I’m Michael Klotz, a health care IT entrepreneur and consultan. You may have seen one of my blogs here on the Digital Measurement Community site, or maybe you’ve seen a post or video elsewhere.
Today, I want to talk about the dramatic changes underway in the Quality Data Ecosystem—and when I say “dramatic,” I definitely mean in a good way.
Let’s start by defining “Quality Data Ecosystem.” It essentially includes all stakeholders, data, policies and standards, as well as systems and processes, pertaining to quality measurement. If we narrow that down to quality measures that concern health plans, we’re left with the clinical and outcomes data that flows from providers and patients to the health plan.
Looking at those data flows through the lens of implementation, we’re talking about two major, rapidly converging concepts:
1. Digital Quality Measures (dQMs): Systems, artifacts and standards that specifically have to do with “measurement”; in other words, data definitions, rules and reporting and…
2. Interoperability: Everything that has to do with how clinical data is accessed and how it flows as input for digital measures.
To see how the Clinical Data Ecosystem is evolving, let’s first look at the current state and then compare that to the future state.
I should mention here that we also refer to these diagrams as “operating models” because they create the high-level framework for measure data operations. Each operating model has two basic components:
- The Data Flow (left to right): How data flows from different sources into a digital quality reporting system or platform, and how that platform reports quality metrics.
- The Validation Chain (right to left): How data is validated/audited to ensure accuracy and attribute it to a valid source—this is called “data provenance.”
A generic operating model for the current Quality Data Ecosystem would look something like what you see in the diagram:
Claims data is the foundation for most measures and measure sets—HEDIS, PQA, CMS and state Medicaid measures. And there’s chart review and an ever-increasing amount of ancillary data (also known as “supplemental data”), which is extremely fragmented, difficult to capture and requires laborious validation steps. I’m sure most of us are very familiar with this model!
The operating models we are developing for the digital future of quality look different.

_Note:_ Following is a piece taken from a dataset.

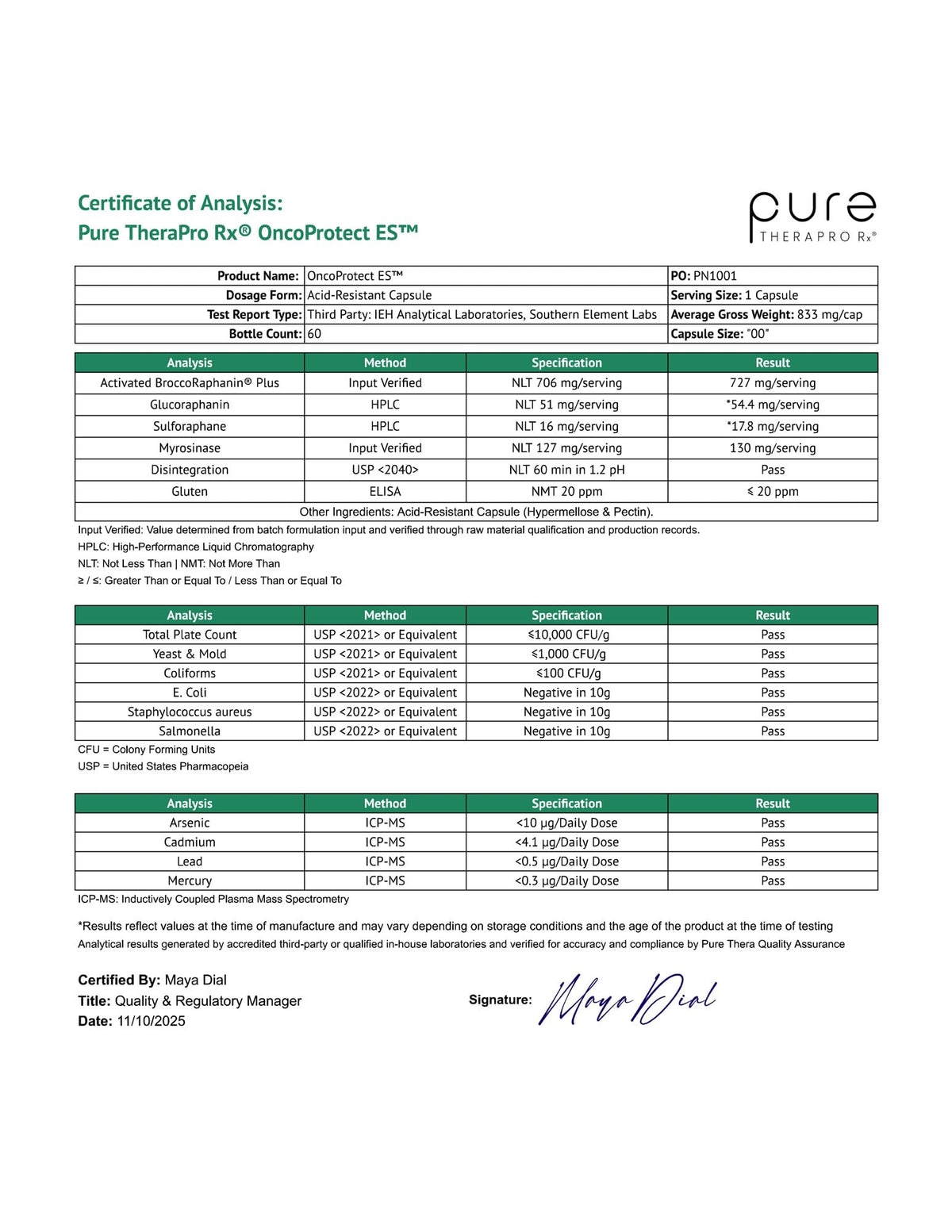 Pure Therapro Rx OncoProtect ES HIGH DOSE Sulforaphane Supplement, Made in USA | 2 Month Supply | 706 mg Patented Activated BroccoRaphanin Broccoli Seed Extract | Glucoraphanin + Myrosinase Pure Therapro Rx buy supplements Au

Structured clinical data is at the center. Claims still matter, at least for a while. Ancillary or supplemental data will be replaced with standardized clinical data, which means validation will be simplified and—eventually—become automated. Aggregators like HIEs and registries, as well as direct access via APIs or real-time interfaces, will simplify and improve measure operations dramatically.
I realized I have used that term "aggregator" before. Let’s look at an example:
HIEs, and more specifically, the Data Aggregator Validation—or DAV—program is currently in a test phase with three HIEs in New York state. The DAV not only standardizes data access, it also eliminates dozens of individual supplemental data feeds and can significantly reduce chart reviews. And it greatly streamlines source validation efforts.
With NCQA’s DAV program, the HIE pulls data from many health systems in a region or state and certifies its HEDIS data feed with NCQA. Only Once. That’s the kind of operational improvement we need more of! I think we can call that dramatic!
Ok. That’s an overview of how the quality data ecosystem is evolving.